→ **Data extract**
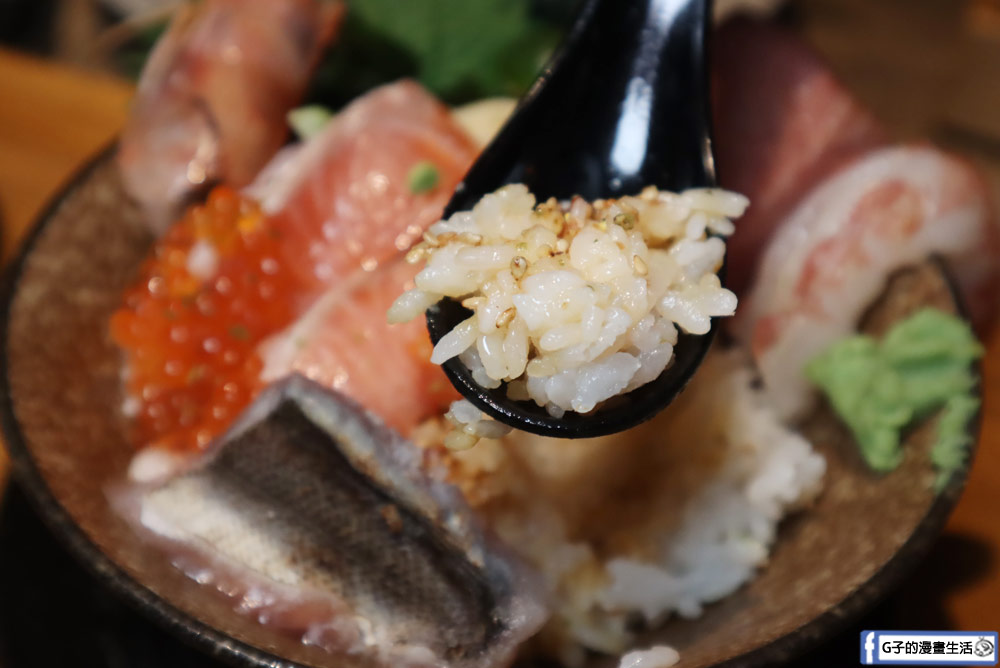 信義區日本料理-溫暖 Atatakai,7種生魚片丼飯超浮誇,平價日本料理推薦 @G子的漫畫生活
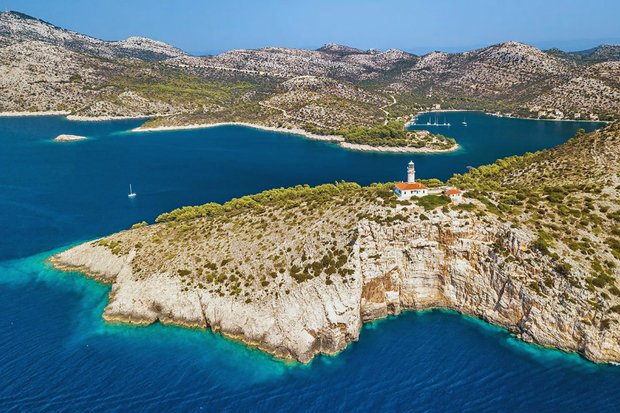 Croatia yacht charter vacation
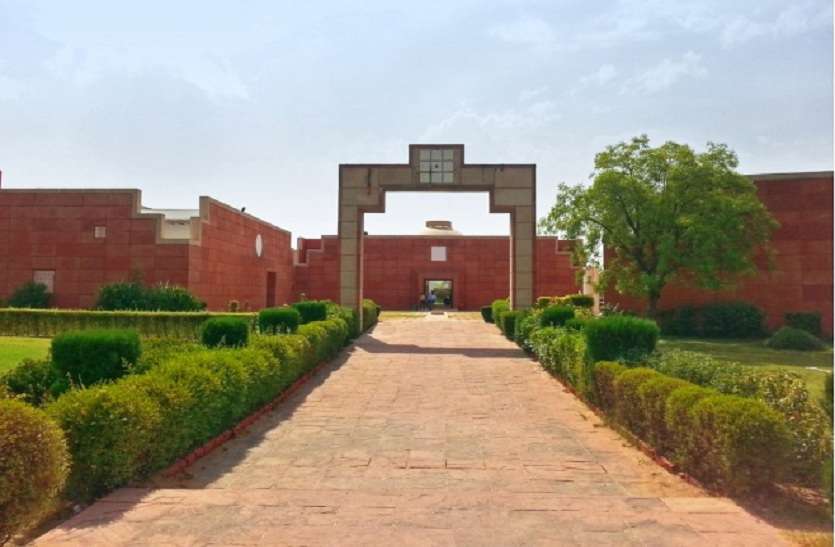अतिरिक्त प्रभार पर जेकेके, कलाकार देख रहे हैं राह अतिरिक्त प्रभार पर जेकेके, कलाकार देख रहे हैं राह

→ **Exercise requirements**
Drop the images, then copy the data exactly.

→ **Answer to the exercise**
 信義區日本料理-溫暖 Atatakai,7種生魚片丼飯超浮誇,平價日本料理推薦 @G子的漫畫生活
 Croatia yacht charter vacation
अतिरिक्त प्रभार पर जेकेके, कलाकार देख रहे हैं राह अतिरिक्त प्रभार पर जेकेके, कलाकार देख रहे हैं राह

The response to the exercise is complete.